Pitch. I try to pitch plenty of healthy cells, either with a starter from liquid yeast, slurry from a previous batch, or dry yeast. Jamil's pitching rate calculator is a very handy tool for figuring out exactly how much to pitch. The only time I pitch right out of a smack-pack or vial is when I'm doing a small batch of low gravity beer (essentially a glorified starter I'm planning on drinking).

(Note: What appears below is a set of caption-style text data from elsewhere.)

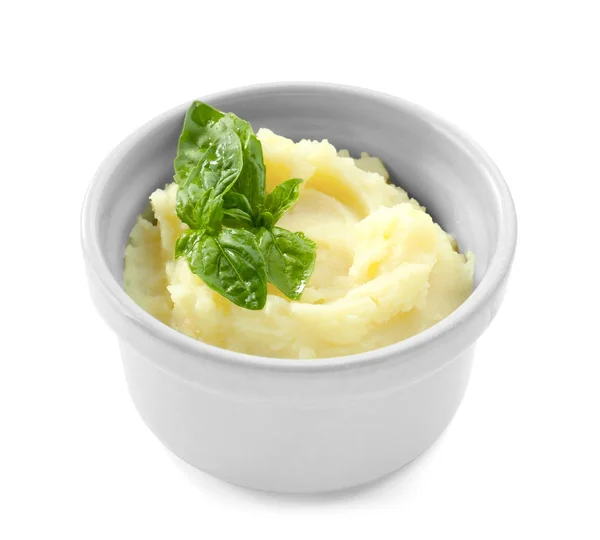 Картопляне пюре в мисці, ізольоване на білому — стокове фото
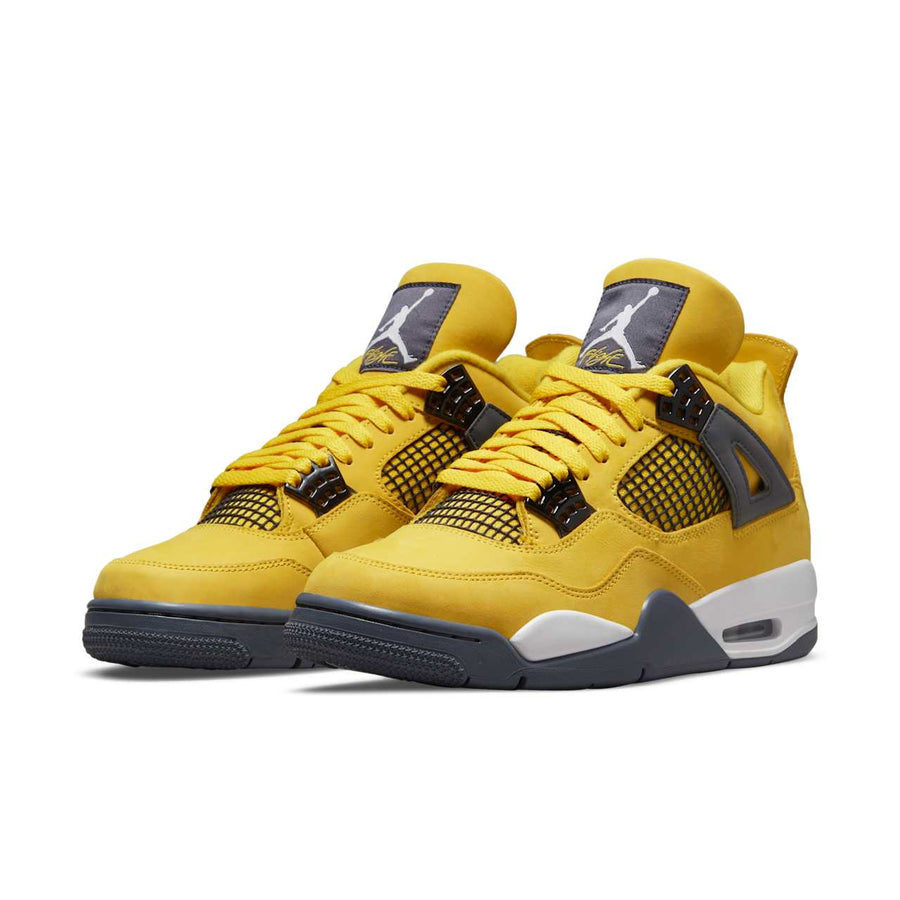 Air Jordan 4 Retro — Tour Yellow — front three quarter pair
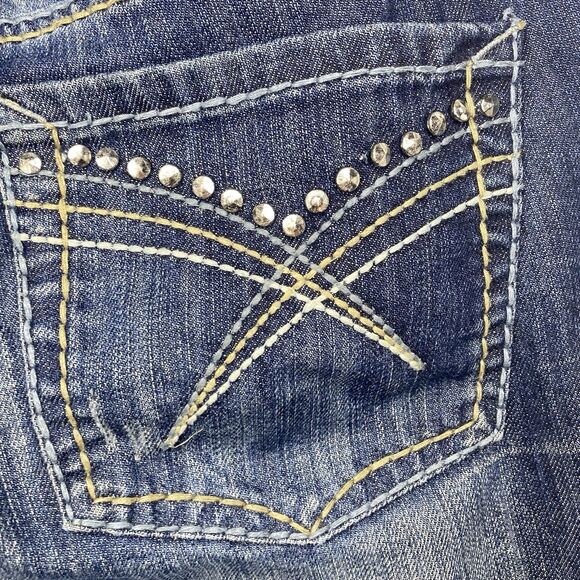 ADIKTD Jeans Low Rise Stretch Distressed Rhinestone Denim Womens 8 30 30x32 Blue - Picture 7 of 10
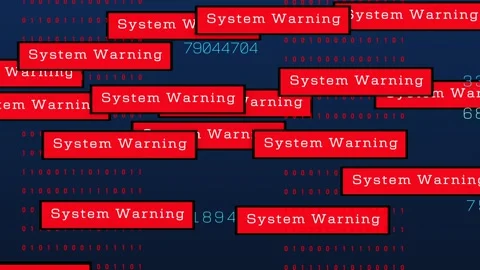 Close-up computer screen with system warning signs, cyber crime Vídeo Stock 333979996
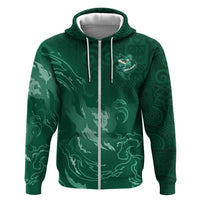 Custom Ireland Rugby Pride Zip Hoodie Celtic Shamrock Flame Fire Style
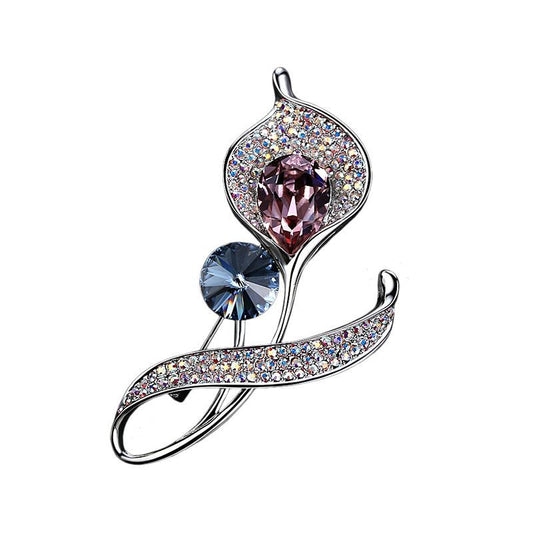 Vintage flower brooch elegant women lapel pin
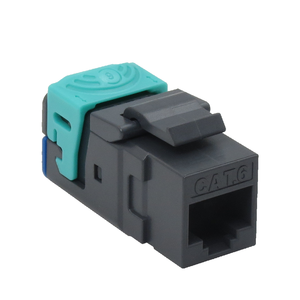 مقبس كيستون RJ45 UTP Cat6 8P8C بزاوية 90 درجة رمادي اللون بدون أدوات مطلي بالذهب معتمد ISO9001 وحدة 8045 للشبكات - Product Image 1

Ferment. Keep the ambient temperature a few degrees below your target fermentation temperature. The fermenting yeast will produce some heat and will cause the wort to be a few degrees warmer than the surrounding air. As the fermentation slows I'll generally increase the ambient temperature to make sure the wort doesn't chill (which could shock the yeast and lead to a stuck fermentation).
I usually crimp a piece of aluminum foil over the neck of the carboy for beers that have plenty of head space (with the amount of CO2 being produced you don't need to worry too much about wild microbes getting into the beer), or a blow-off tube for beer that don't have a safe amount of head space. Once fermentation slows down I'll switch either to an airlock to make sure no oxygen gets into the fermenter.
Rack. A pump action auto-siphon is the single greatest homebrewing gadget in my opinion. Mine tend to only last about 12-18 months before the gasket loses suction, but the $10 is well worth it for the effort, oxidation, and infection risk they reduce. Flushing the carboy with CO2 is a great idea if you are worried about oxidation, but I really only do it for pale hoppy beers. I don't rack beers I am going to keg to secondary, since the keg takes its place, but I do for most bottled beers to ensure they don't have much yeast/trub in the bottle. If you have the ability to cold crash/stabilize your beers for a few weeks it will help improve the clarity and shelf stability of your beer by dropping out excess yeast and protein.
Bottle/Keg. An in depth look at packaging will have to wait for another time. That said, I wish it didn't because I think carbonation is an often marginalized topic. Figuring out the proper amount of priming sugar should be done with a priming calculator that takes into account the volume (not your intended batch size, but the actual amount in the bottling bucket) and temperature of the beer (which is a proxy for the amount of carbonation in solution), and target amount of CO2. Like most things in brewing, priming sugar should be measured by weight, not volume for the most accuracy. Some fresh yeast is a great idea for long aged, strong, or cold crashed beers, but it is generally not needed.
As Pete Docter the director of Monsters, Inc. and Up said, "Pixar films don't get finished, they just get released." I've been working on and off on this post since I brewed my Citra Pale Ale in late April, I'm still not completely happy with it, but it was time to post.